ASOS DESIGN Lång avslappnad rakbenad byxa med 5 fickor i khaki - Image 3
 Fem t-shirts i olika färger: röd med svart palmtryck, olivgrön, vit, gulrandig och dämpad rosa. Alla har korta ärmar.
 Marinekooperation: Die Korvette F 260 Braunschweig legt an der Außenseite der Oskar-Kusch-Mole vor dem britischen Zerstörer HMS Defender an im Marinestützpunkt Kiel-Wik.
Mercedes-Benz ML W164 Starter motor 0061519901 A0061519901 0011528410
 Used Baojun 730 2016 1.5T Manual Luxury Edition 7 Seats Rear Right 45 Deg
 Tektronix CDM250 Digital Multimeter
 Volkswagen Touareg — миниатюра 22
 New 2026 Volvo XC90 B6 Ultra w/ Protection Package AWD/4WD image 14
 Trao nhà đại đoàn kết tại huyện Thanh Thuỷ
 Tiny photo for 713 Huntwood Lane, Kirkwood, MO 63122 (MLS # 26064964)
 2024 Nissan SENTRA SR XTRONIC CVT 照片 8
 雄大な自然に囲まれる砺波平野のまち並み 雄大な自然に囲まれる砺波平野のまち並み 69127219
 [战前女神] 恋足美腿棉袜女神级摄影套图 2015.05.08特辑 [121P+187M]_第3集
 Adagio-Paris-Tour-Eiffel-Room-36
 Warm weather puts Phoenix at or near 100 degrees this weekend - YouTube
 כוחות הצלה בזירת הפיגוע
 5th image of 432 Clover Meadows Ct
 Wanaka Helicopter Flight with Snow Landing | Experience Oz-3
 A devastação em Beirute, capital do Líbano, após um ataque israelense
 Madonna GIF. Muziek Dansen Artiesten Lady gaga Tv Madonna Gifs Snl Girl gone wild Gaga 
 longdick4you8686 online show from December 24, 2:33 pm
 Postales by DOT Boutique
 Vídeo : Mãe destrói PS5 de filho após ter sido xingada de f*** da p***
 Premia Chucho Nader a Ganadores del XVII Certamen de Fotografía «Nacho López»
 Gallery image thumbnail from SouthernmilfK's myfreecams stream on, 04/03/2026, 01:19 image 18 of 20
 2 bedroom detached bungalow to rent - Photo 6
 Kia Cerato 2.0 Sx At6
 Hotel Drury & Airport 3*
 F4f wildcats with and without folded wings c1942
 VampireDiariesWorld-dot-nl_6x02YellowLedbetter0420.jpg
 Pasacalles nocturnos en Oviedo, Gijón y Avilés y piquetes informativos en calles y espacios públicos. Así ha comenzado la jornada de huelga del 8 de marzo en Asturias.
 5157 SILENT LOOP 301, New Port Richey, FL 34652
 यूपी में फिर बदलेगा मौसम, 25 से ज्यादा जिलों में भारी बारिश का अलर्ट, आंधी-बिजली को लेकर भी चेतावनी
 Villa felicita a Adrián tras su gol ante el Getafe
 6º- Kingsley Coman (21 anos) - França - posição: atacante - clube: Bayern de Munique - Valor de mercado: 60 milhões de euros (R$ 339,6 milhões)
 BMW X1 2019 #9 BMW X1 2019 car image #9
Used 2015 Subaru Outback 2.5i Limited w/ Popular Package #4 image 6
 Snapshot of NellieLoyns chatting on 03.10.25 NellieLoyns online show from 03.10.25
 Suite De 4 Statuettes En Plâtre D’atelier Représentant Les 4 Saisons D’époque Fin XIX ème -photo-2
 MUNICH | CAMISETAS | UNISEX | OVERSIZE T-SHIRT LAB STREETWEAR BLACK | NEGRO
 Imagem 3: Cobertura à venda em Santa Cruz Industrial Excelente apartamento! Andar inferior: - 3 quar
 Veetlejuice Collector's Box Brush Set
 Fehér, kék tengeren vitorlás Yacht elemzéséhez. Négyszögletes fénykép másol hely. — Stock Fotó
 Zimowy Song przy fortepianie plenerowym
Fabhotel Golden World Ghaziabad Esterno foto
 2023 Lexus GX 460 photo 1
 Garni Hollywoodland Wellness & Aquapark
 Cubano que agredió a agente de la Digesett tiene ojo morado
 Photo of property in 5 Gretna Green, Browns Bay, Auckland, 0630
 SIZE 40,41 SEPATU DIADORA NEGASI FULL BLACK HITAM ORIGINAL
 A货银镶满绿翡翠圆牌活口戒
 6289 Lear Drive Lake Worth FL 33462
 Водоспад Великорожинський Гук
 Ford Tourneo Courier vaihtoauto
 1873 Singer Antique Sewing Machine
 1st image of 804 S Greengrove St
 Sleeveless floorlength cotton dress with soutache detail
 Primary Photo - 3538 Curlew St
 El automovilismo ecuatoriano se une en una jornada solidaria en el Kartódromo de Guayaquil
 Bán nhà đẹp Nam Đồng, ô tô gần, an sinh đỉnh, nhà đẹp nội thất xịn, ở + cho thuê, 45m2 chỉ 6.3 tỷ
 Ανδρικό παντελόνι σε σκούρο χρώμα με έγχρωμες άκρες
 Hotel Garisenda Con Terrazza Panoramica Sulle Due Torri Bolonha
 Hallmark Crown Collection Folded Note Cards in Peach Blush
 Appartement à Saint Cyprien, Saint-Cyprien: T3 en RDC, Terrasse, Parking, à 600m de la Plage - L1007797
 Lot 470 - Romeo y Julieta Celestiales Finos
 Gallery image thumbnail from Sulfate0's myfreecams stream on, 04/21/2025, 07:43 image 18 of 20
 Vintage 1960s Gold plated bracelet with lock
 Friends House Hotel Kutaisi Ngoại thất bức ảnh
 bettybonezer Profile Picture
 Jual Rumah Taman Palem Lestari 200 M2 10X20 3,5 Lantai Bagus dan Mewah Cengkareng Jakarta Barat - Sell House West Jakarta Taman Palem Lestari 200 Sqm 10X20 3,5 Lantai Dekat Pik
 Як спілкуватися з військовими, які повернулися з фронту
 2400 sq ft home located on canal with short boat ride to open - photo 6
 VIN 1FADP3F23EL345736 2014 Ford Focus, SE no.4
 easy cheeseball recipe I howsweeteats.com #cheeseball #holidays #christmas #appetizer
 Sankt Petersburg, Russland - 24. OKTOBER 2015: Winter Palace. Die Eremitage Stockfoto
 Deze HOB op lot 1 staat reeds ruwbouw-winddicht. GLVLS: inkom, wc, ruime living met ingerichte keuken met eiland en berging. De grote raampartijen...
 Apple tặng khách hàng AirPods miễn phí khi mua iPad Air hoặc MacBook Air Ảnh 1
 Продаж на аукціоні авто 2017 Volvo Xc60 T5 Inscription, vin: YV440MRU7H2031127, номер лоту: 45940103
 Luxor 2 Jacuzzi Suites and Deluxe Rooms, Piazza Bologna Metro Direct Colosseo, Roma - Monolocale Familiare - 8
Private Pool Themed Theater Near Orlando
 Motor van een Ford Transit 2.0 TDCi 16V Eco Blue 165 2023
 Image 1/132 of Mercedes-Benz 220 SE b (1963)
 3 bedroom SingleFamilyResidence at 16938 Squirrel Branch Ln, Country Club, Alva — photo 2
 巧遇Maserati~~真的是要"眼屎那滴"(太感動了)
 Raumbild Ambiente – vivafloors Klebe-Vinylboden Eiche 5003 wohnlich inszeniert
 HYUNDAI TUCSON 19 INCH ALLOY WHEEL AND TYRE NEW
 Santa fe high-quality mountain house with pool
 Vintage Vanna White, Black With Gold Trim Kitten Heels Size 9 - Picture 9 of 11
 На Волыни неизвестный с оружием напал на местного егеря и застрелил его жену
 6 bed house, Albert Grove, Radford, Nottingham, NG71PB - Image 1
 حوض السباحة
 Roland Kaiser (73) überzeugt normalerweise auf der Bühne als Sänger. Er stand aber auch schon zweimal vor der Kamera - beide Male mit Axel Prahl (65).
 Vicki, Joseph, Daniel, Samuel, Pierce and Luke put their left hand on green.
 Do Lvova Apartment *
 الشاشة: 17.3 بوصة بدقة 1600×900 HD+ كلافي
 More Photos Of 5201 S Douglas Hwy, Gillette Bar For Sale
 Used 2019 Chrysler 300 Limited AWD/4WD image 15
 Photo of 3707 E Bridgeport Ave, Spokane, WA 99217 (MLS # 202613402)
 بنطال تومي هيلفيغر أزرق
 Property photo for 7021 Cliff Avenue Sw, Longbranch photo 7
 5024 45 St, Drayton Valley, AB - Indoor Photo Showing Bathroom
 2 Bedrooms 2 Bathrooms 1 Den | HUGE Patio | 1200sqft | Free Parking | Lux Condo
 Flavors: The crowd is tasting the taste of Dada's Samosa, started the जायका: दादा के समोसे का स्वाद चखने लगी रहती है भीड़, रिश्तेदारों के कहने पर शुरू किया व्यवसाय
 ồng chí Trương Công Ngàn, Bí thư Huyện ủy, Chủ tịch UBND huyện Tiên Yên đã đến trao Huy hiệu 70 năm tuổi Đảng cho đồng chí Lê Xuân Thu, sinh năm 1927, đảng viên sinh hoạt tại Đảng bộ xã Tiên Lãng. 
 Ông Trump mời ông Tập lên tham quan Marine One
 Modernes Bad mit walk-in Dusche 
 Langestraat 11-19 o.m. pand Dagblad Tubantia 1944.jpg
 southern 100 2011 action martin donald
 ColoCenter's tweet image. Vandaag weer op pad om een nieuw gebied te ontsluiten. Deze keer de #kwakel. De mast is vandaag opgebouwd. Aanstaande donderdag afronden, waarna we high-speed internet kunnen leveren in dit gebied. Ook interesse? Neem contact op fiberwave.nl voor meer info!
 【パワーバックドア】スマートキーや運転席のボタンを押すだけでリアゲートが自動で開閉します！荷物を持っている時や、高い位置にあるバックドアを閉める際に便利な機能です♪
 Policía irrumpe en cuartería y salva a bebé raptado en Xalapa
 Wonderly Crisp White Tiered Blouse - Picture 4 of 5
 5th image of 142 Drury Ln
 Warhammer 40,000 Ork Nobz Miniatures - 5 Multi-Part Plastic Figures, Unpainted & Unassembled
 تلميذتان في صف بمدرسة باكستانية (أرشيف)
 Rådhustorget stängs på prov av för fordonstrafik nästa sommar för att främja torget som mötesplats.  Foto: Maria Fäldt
__________
# TASK DETAILS
For the lines above, output exactly those from the line containing "A devastação em" through the line containing "Garni Hollywoodland Wellness & Aquapark", and skip the others.

# YOUR RESPONSE
 A devastação em Beirute, capital do Líbano, após um ataque israelense
 Madonna GIF. Muziek Dansen Artiesten Lady gaga Tv Madonna Gifs Snl Girl gone wild Gaga 
 longdick4you8686 online show from December 24, 2:33 pm
 Postales by DOT Boutique
 Vídeo : Mãe destrói PS5 de filho após ter sido xingada de f*** da p***
 Premia Chucho Nader a Ganadores del XVII Certamen de Fotografía «Nacho López»
 Gallery image thumbnail from SouthernmilfK's myfreecams stream on, 04/03/2026, 01:19 image 18 of 20
 2 bedroom detached bungalow to rent - Photo 6
 Kia Cerato 2.0 Sx At6
 Hotel Drury & Airport 3*
 F4f wildcats with and without folded wings c1942
 VampireDiariesWorld-dot-nl_6x02YellowLedbetter0420.jpg
 Pasacalles nocturnos en Oviedo, Gijón y Avilés y piquetes informativos en calles y espacios públicos. Así ha comenzado la jornada de huelga del 8 de marzo en Asturias.
 5157 SILENT LOOP 301, New Port Richey, FL 34652
 यूपी में फिर बदलेगा मौसम, 25 से ज्यादा जिलों में भारी बारिश का अलर्ट, आंधी-बिजली को लेकर भी चेतावनी
 Villa felicita a Adrián tras su gol ante el Getafe
 6º- Kingsley Coman (21 anos) - França - posição: atacante - clube: Bayern de Munique - Valor de mercado: 60 milhões de euros (R$ 339,6 milhões)
 BMW X1 2019 #9 BMW X1 2019 car image #9
Used 2015 Subaru Outback 2.5i Limited w/ Popular Package #4 image 6
 Snapshot of NellieLoyns chatting on 03.10.25 NellieLoyns online show from 03.10.25
 Suite De 4 Statuettes En Plâtre D’atelier Représentant Les 4 Saisons D’époque Fin XIX ème -photo-2
 MUNICH | CAMISETAS | UNISEX | OVERSIZE T-SHIRT LAB STREETWEAR BLACK | NEGRO
 Imagem 3: Cobertura à venda em Santa Cruz Industrial Excelente apartamento! Andar inferior: - 3 quar
 Veetlejuice Collector's Box Brush Set
 Fehér, kék tengeren vitorlás Yacht elemzéséhez. Négyszögletes fénykép másol hely. — Stock Fotó
 Zimowy Song przy fortepianie plenerowym
Fabhotel Golden World Ghaziabad Esterno foto
 2023 Lexus GX 460 photo 1
 Garni Hollywoodland Wellness & Aquapark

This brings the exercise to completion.